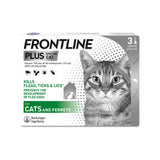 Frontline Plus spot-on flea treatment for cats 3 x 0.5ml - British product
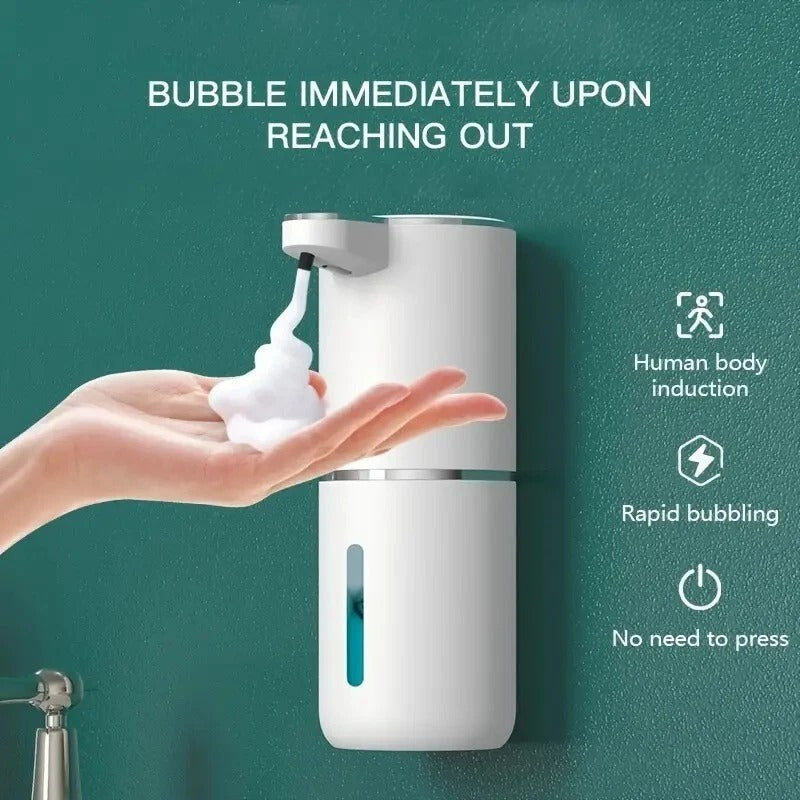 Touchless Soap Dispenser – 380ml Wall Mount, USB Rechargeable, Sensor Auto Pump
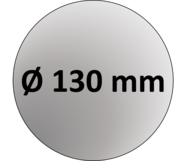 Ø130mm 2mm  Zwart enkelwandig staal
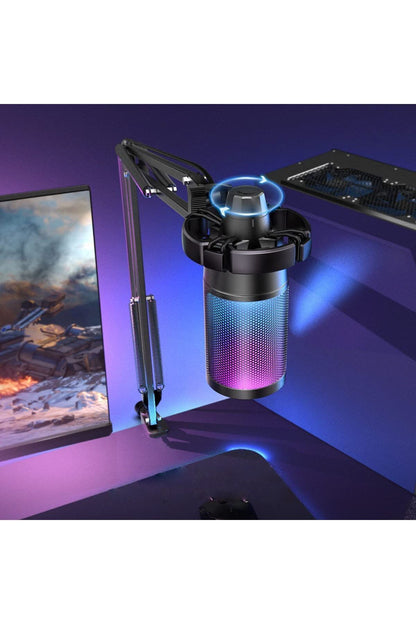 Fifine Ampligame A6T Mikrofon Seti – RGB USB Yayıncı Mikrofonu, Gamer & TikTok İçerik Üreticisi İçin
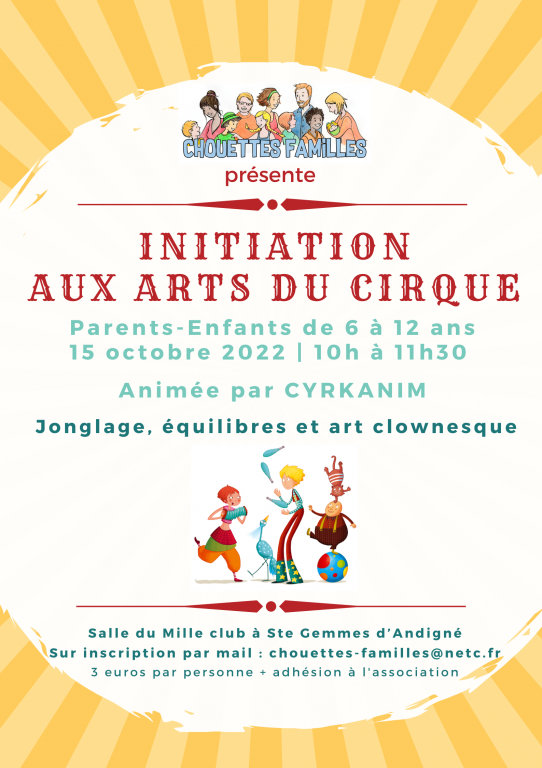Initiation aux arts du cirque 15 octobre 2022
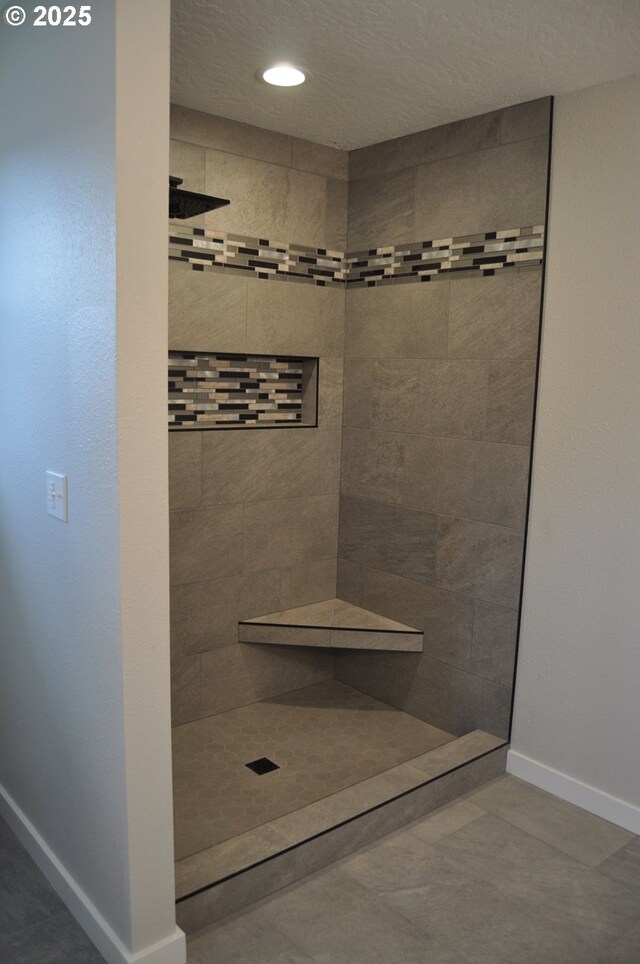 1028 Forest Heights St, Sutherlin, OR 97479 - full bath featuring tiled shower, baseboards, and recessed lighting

> PROBLEM DESCRIPTION:
Repeat everything in the entries above word for word, excluding the images.

> EXERCISE RESPONSE:
 Frontline Plus spot-on flea treatment for cats 3 x 0.5ml - British product
 Touchless Soap Dispenser – 380ml Wall Mount, USB Rechargeable, Sensor Auto Pump
 Ø130mm 2mm  Zwart enkelwandig staal
 Fifine Ampligame A6T Mikrofon Seti – RGB USB Yayıncı Mikrofonu, Gamer & TikTok İçerik Üreticisi İçin
Initiation aux arts du cirque 15 octobre 2022
 1028 Forest Heights St, Sutherlin, OR 97479 - full bath featuring tiled shower, baseboards, and recessed lighting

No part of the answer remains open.